Exercise instructions: Copy out once more, exactly, the line with "Coot rail eurasiatico, coot" and all the lines after it, up to the last line of the data.

Input:
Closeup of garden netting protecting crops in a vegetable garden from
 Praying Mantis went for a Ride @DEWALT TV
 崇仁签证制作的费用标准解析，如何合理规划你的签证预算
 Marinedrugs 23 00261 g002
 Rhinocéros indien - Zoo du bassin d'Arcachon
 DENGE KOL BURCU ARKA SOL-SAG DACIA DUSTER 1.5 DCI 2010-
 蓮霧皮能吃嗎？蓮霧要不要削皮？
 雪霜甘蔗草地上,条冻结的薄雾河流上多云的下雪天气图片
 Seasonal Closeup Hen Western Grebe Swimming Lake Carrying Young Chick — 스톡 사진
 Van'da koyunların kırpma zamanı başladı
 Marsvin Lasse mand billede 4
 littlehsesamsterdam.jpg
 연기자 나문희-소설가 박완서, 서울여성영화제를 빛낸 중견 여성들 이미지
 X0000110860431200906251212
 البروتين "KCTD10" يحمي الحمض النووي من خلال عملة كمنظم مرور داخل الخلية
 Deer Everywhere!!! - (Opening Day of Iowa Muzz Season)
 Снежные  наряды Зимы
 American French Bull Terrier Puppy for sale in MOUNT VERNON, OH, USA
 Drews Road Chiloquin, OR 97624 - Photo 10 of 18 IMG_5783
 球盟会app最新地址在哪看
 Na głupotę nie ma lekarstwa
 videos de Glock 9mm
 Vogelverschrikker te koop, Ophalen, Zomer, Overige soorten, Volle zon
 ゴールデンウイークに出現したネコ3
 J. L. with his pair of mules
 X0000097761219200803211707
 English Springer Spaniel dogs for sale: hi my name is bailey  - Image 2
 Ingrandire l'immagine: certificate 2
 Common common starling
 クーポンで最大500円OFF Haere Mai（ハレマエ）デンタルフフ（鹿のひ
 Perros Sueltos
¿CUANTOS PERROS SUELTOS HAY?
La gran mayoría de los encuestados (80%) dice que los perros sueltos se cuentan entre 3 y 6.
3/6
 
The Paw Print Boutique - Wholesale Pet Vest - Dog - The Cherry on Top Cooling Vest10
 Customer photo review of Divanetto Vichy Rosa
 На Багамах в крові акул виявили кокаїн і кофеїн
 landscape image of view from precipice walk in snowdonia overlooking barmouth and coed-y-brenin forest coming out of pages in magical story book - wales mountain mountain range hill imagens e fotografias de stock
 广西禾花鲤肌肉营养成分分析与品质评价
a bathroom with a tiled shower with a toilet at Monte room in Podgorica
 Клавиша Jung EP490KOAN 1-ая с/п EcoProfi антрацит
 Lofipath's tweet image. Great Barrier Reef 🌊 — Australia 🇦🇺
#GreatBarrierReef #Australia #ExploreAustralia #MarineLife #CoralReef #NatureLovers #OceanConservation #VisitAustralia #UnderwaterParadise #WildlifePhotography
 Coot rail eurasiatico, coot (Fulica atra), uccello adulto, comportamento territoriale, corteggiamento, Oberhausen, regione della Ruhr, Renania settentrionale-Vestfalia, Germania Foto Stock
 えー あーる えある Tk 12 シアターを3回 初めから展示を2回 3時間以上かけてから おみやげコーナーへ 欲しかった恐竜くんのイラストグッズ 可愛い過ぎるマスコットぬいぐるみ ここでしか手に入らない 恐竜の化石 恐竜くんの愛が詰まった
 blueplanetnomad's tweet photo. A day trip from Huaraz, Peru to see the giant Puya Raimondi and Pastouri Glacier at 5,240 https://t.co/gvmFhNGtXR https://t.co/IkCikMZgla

Answer below:
 Coot rail eurasiatico, coot (Fulica atra), uccello adulto, comportamento territoriale, corteggiamento, Oberhausen, regione della Ruhr, Renania settentrionale-Vestfalia, Germania Foto Stock
 えー あーる えある Tk 12 シアターを3回 初めから展示を2回 3時間以上かけてから おみやげコーナーへ 欲しかった恐竜くんのイラストグッズ 可愛い過ぎるマスコットぬいぐるみ ここでしか手に入らない 恐竜の化石 恐竜くんの愛が詰まった
 blueplanetnomad's tweet photo. A day trip from Huaraz, Peru to see the giant Puya Raimondi and Pastouri Glacier at 5,240 https://t.co/gvmFhNGtXR https://t.co/IkCikMZgla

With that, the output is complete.